The instant my attention crossed back into the front of myself, the buffer came off. Down in the meld, the Avatar had been kind enough, or efficient enough, to render the pain as numbers.

Endurance falling.

Capacity at four.

Marrow integration at sixty percent.

Numbers I could look at without dying of them. Up here, there were no numbers.

Up here, my marrow was being grown into my bones, and my bones did not want it. Up here, my soul was a hole that something was pouring light into, and the light burned going in, and behind the hole, the cold place pressed and pressed and wanted the hole for itself.

Up here, every bone in my body was a fresh wound, and every drop of blood was being chewed through and replaced, and the pain... by all the lights in heaven, the pain.

I want to tell you I rose to the occasion. The truth is that for the first second, I simply screamed, except no sound came out, because my body did not have the spare capacity to scream with.

Then I saw the Khaaz. They were forty metres out and closing. Tens of thousands of them, and the heavier shapes behind, all coming for a single target, a curled thing in the ash, surrounded by his drying blood... me, my body, that was being rebuilt.

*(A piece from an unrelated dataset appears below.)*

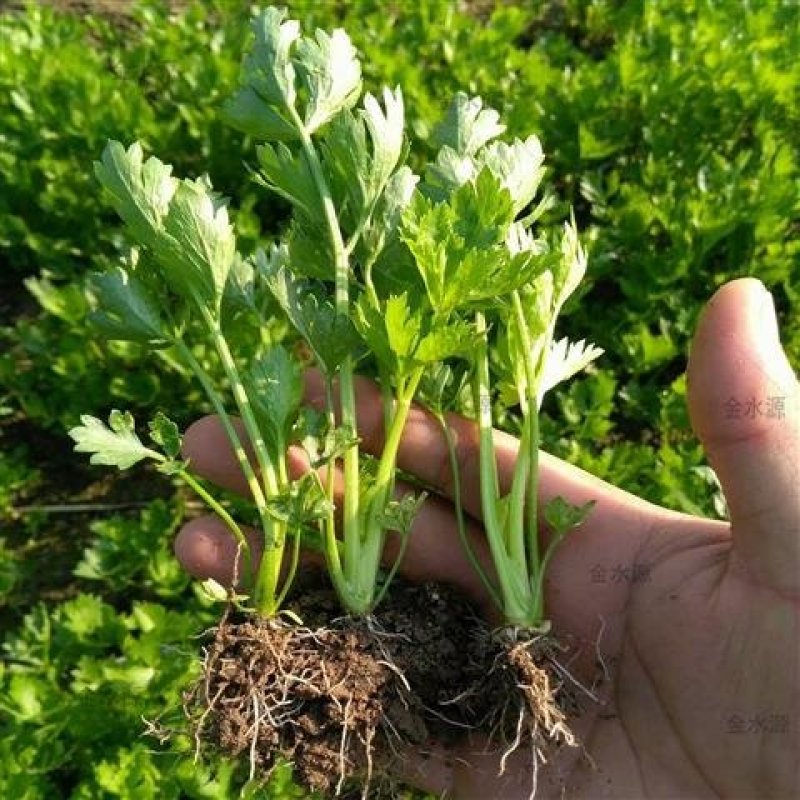 芹菜苗，包技术指导，包成活率，包质量，包服务，规格齐全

If they reached it now, mid-rebuild, soul at four percent, marrow half-set, they would not need to do much. A single Khaaz would be enough.

The operation would fail, and I would die not having finished becoming what the dying was supposed to be for.

And some part of me, the part my father put there, said the thing it always said.

The question is not whether you can win. The question is whether you stand up.

I could not stand up. My legs were full of marrow that did not yet know how to be marrow.

So I did the next thing, and I reached for the staff.